I have noticed it too. I was having connectivity issues 5-6 times / day where 
the connection would drop offline for about 2 - 3 minutes and then suddenly 
return -- on rare occasions, for an hour or two. It turns out that the copper 
braided shielding on the coax line leading to my house had a burr in it. More 
on that in a minute. I collected some ping logs and used gnuplot to make a 
PNG that someone at RR would be able to easily interpret. The short version 
is that, after 3 techs on-site and several phone techs whom all but called me 
a liar, they finally fixed that but this problem you describe still exists. 
I'm thinking of starting the customer service cycle over again for this 
problem but am dreading the amount of effort it might take to convince them.

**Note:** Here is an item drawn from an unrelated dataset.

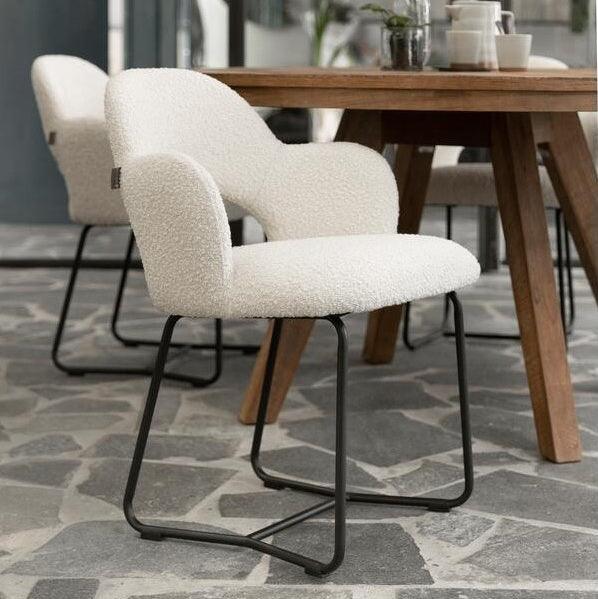 Must Living Eetkamerstoel Vista Boucle Naturel - Eetkamerstoel - MUST Living - livinglovely.nl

The trouble is that it's not consistent. I've noticed it as early as 3:30 AM 
and as late as 4:35 AM. And it's not on every night.

Anyways, I'm going to start making ping logs again. ("ping <next node in 
network > pinglog.log") The trick this time is going to be to ping the next 
hop in the RR network and something guaranteed to be outside their network 
simultaneously so that I can show without a doubt that it's a node in the RR 
network to blame.

I'll post the gnuplot script here when I write it.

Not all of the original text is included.